In the Mouth a Desert: Pavement and the Id
Pavement’s lyrics can lean to the incomprehensibly silly and/or juvenile–as a result you shouldn’t be blamed for viewing Pavement as mostly a band about the sound, not the meaning behind it. One of my dear music friends says this is enough–that a song’s sound is its meaning. That is how it makes you feel. Since I am writing a Substack analyzing individual song lyrics, I would clearly demur. To me a great song not only sounds great but also offers a certain depth of meaning; it makes you think. It says something new lyrically. It is poetic or confrontational or raises issues, points to problems. A great song is unique.
I would argue there is much more to Pavement than meets the eye. Take “In the Mouth a Desert,” one of the many gems from 1992’s Slanted and Enchanted, perhaps their best album. Here we have a song that carries loads of inherent ambiguity throughout and yet it also seems to be about something more than one can easily discern. Pavement’s lyrics are often nonsensical and offer riddles and paradoxes; this is not unusual. But in “In the Mouth a Desert” the lyrics point to a real pickle.
The title of this song is so ambiguous it could be about anything truly (the 1990s are known for this kind of surrealistic sidestep–think R.E.M., Beck, Cocteau Twins). I remember buying Slanted and Enchanted at Borders a year or two after it appeared–I hadn’t really delved into Pavement when the album came out, for no particular reason. There were just plenty of other bands within the same framework to listen to at the time–and 1992 was not aesthetically wobbly 2023. I just didn’t really fall into the Pavement crowd at the time. But for me, now, “Desert” is so evocative of a specific era it runs goose bumps down my arm each time. The almost makeshift 1992 lo-fi sound of Pavement is completely sodden with the tortured grapplings of young people. They seem to be making up the rules as they go (I will never forget a review of Pavement claiming their guitarwork sounds like vacuum cleaners running in the living room). Nothing about this song is slick or planned or particularly purposeful even. It is a wending speech, a bull session–a rambling show and tell. Even now I challenge any listener to stake a firm claim regarding what the song really means. I enjoy popping in from time to time on Reddit or onto Songmeanings.com to witness the chaos Malkmus inspired.
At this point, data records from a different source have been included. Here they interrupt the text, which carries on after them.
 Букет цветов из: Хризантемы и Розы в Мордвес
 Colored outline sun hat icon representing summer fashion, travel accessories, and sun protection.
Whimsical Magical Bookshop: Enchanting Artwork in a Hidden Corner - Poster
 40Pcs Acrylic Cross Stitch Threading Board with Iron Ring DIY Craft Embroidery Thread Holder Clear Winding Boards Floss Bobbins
But enough preamble. Here goes: to me “Desert” is a pure dramatic monologue actually. If you listen close enough (“you” addressed throughout) the speaker touches mostly on the disconnect between expectations and desire. The person on the receiving end takes the speaker for granted–can you treat it like an oil well? Tapping the well for whatever is needed–a walking, talking commodity. The conflict could be something in the sexual domain, but I don’t think so–it seems that the lyrics of “Desert” refer to trust and faith that the other views as unlimited and ceaseless. Shit or get off the pot, the speaker suggests. No matter what they do his faith will be there. The speaker asks for a trust knot–some kind of promise, something to bank on. But that knot might easily unravel into a ball of twine. He wants to make the listener at least try. Make an effort. Meet me halfway.
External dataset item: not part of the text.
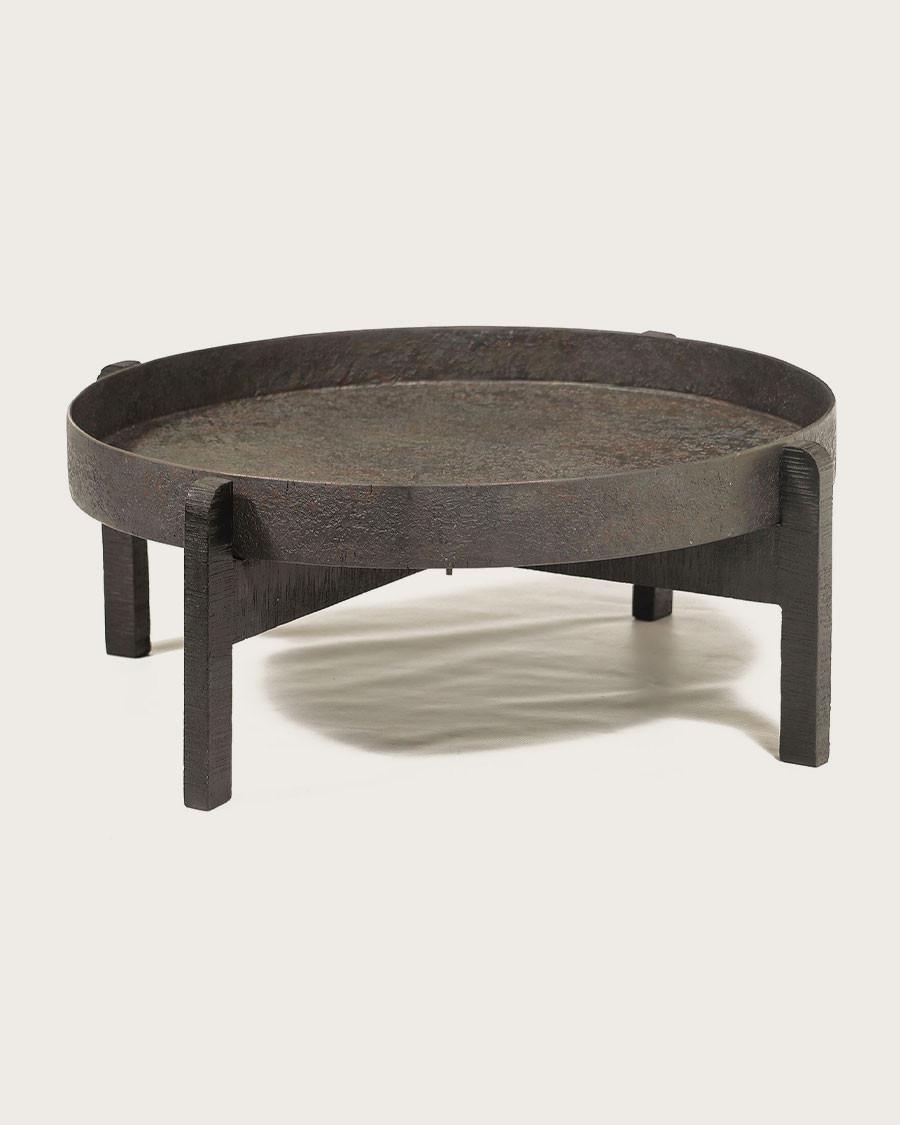 Gaby - Table basse ronde gigogne en métal noir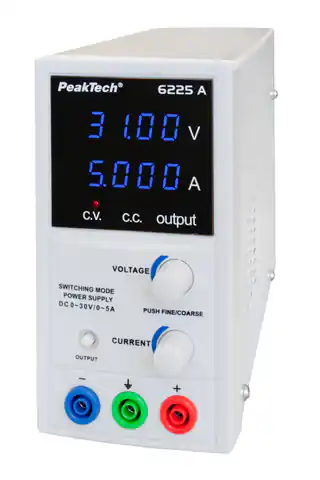 ⁨Zasilacz laboratoryjny 30V 5A PeakTech 6225A⁩ w sklepie Wasserman.eu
All the speaker has are his diamond sharp words (no humble brag there). As the King of Id, he is ruled by his basest impulses or is at least most aware of them. But he knows better–as we all do. He wants to transcend his animalistic limitations. This leads us to the title of the song–”In the Mouth a Desert.” To me this conjures an image of sitting at the dentist’s office, my mouth dry from some routine procedure. But more likely Malkmus means a kind of nervousness at broaching the subject of trust and perhaps, dare I say, even commitment. There is nothing nervous-sounding about this song exactly, but perhaps that’s the irony. The song pretends to be “hard” while simultaneously offering up a soft underbelly. Beneath the shield, a beating heart.
The dominant imagery in “Desert” is that of rope/string. Trust knots. Twine unraveling. The idea of this song, both in terms of the lyrics but also the muddy seriousness of guitar and bass, is that these two people are connected, bound together whether they like it or not. However, all connections can unravel. Id rules: “Id is all we have.” Let’s get real, this song suggests. Embrace instinct. Isn’t this much of what rock and roll offers us? Connection, one animal to the next. We are the same, you and I, this song suggests. This is a “come to Jesus” song–a truth-telling mission. Time to face the music. Here it is, right now. I’m nervous, but so what? Here goes.